No meio da rua, movimentada via entre quadras, jazia um deles. Havia sido atropelado. Não se sabe se caiu do fio que cruza o local ou havia se arriscado a ir pelo chão mesmo – era cedo, o asfalto ainda não estava quente –, mas havia sido pego por um carro; e o motorista não parou para prestar socorro.

Os micos perderam a noção do perigo. Vendo o companheiro ali – o soinho ainda se mexia, mas não tinha forças para levantar – invadiram o asfalto numa algazarra sem tamanho, que chamou a atenção dos humanos que passavam pelo local, caminhando, correndo ou até dirigindo.

Quando se trata de bicho, humano é muito solidário.
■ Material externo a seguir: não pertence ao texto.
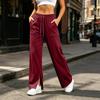 Women's Casual High Waist Wide Leg Split Hem Sweatpants Loose Fit Pants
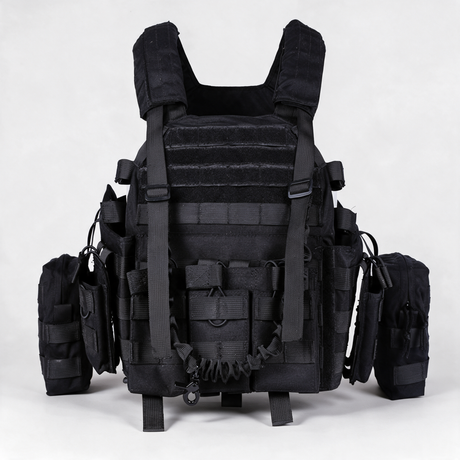 Battalion Quick-Release Tactical MOLLE Vest in Black, front view with magazine pouches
Se tiver um gatinho, um cachorrinho ou um passarinho envolvido, cria-se uma rede compromissada para ajudar e, se possível condenar outro humano – agora tem até aplicativo para ajudar bichos abandonados pelos donos. Um cínico poderia concluir que os orfanatos seriam mais bem cuidados se em vez de crianças guardassem bichinhos.
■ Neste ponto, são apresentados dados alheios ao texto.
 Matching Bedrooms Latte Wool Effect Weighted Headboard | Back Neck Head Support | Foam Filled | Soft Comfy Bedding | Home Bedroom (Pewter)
Pois alguém mais solidário logo se arvorou de guarda de trânsito, impediu a circulação de veículos; outros se aglomeraram no local do acidente – mas não deu tempo de aparecer um camelô vendendo perfume barato. Logo uma mocinha parou o carro e, ainda com a chave na ignição, desceu e se apresentou como veterinária. Era um mico de sorte.

A moça trazia uma toalhinha na mão, onde colocou o animal, dizendo que cuidaria dele. E enquanto levava o atropelado para o carro passou o número do telefone para uma senhora, que rapidamente registrou no celular, ao mesmo tempo em que dizia que ia rezar para tudo dar certo. A mocinha ainda teve tempo de dizer que o estado era grave.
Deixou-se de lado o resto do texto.